The zoomie will probably surprise you concerning its castability. It just flies on a normal cast. It's ability to skip well adds to its versatility....under log, dock and rock. Not being weighted with internal salt, it doesn't tear up as easily as a senko type bait and has a very enticing slow fall. Another good feature, when one end finally wears out, rig it in the other....when that end wears, you can use it for wacky rigging. 

Now, if the regular paddle tail speedworm isn't available and you can only find the Ultra Vibe Speedworm by zoom, you make the following adaptation. Instead of clipping off the tail at the thin spot on the regular speedworm, you cut off the hooktail on the Ultra Vibe Speedworm a half inch up from the flat hooktail, that is to say a half inch up on the body of the worm. 

The above presentations can be used with other soft plastics as well. Worms can be rigged so they fall horazontally by placing the hook a little farther back behind the head end.....just have to experiment with the hook placement to get the perfect slow falling balance point so they don''t nose down and plummet down.


----------



## Loggerhead Mike (Apr 22, 2009)

great post =D>


----------



## slim357 (Apr 22, 2009)

To me finesse means down sizing everything. A few things that i like to do (not mentioned above) are fishing weightless plastics (mainly 3 and 4 inch sticks), and drop shotting (still new to me but im learning). When I fish weightless plastics I often add a glass worm rattle, and shake my bait on a slack line, then let it sit for about a minute and repeat. For the drop shotting I do basically the same thing shake it on a slack line, but while trying to keep the weight on the bottom in the same place.


----------



## russ010 (Apr 22, 2009)

right now one of the most deadly techniques for me is split shotting a lizard.... 

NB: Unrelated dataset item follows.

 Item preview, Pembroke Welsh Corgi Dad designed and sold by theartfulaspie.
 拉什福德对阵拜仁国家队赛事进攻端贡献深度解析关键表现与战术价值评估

tie on a hook (I still use 3/0 and 4/0 EWGs) and about 6-12" in front put on a regular ol' split shot weight. Just throw it out and let it sink to the bottom, twitch it a little then shake it and let it go again. Watch your line - sometimes you won't even know a fish is on until you give it that 3rd or 4th shake.

Not too many people have the patience to split shot - but man does it work


----------



## ilinimud (Apr 22, 2009)

I HATE finesse fishing.....


----------



## Jim (Apr 22, 2009)

ilinimud said:


> I HATE finesse fishing.....



Same here...Go big or go home! 8)


Even though it outproduces big fish techniques more often.


----------



## BLK fisher (Apr 22, 2009)

I like to use shaky heads and stanley finesse jigs. I have alot of biger jigs but I keep finding myself go back to the finesse jig, even in a nonfinesse situation. And they catch big fish also. Other than that is a spot remover shaky head with a non screw-up flat sided head.


----------



## ACarbone624 (Apr 22, 2009)

Jim said:


> ilinimud said:
> 
> 
> > I HATE finesse fishing.....
> ...



That's my motto! Bigger is better! :mrgreen:


----------



## jkbirocz (Apr 22, 2009)

When I think finesse fishing, I do not always thing smaller baits, I generally think a more subtle, natural approach. The size of my bait is typically decided by the time of year and what the fish are keying on. Of course my selection may or may not be correct. In the summer I would still consider using a 6" senko deadsticked on the bottom a finesse bait. Anything fished slow, and is not considered a reaction bait, is considered finesse by me.


----------